Peter Pan was such an awesome experience! Being a Lost Boy was very similar to being a Newsie… partly because we were made up of mostly former Newsies. It was such a nice way to start something so big that could have very easily been scary, and having my fellow Newsie brothers along for the ride made it such a nice and easy transition. On our way to the soundstage where we did the live broadcast, we would pass my community theatre where I did shows growing up, and it was an amazing full circle moment and realisation that “I was making it” and my dreams were coming true thanks to my hard work.

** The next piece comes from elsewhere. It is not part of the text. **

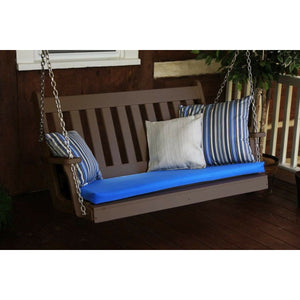 5 Foot Traditional English Porch Swing Poly Lumber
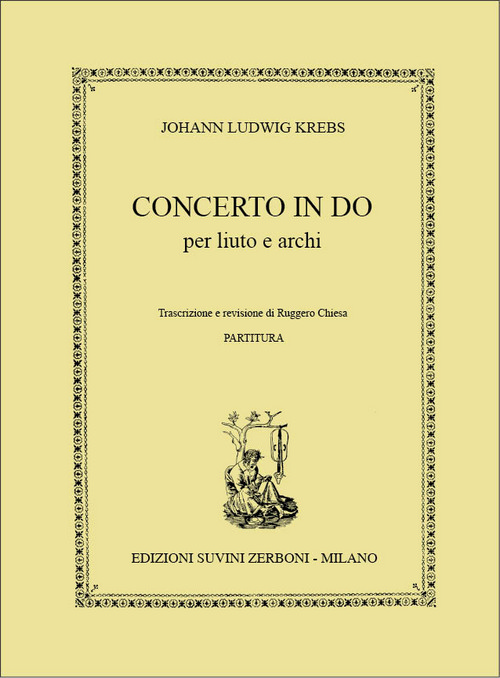 Concerto in Do per liuto e archi, partitura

Last year, you released your latest single Feel Your Love, can you tell us about it and do you have any future music plans?

I do have plans to release more music!!!! It’s all coming but it’s on pause so I can focus on my time with WAITRESS. I am also learning so much by listening to the score every night that it’s influencing the way I am approaching my music from a storytelling standpoint. Feel Your Love was a labour of love and a love letter to all of those who couldn’t be around their loved ones and the ones closest to them during the pandemic.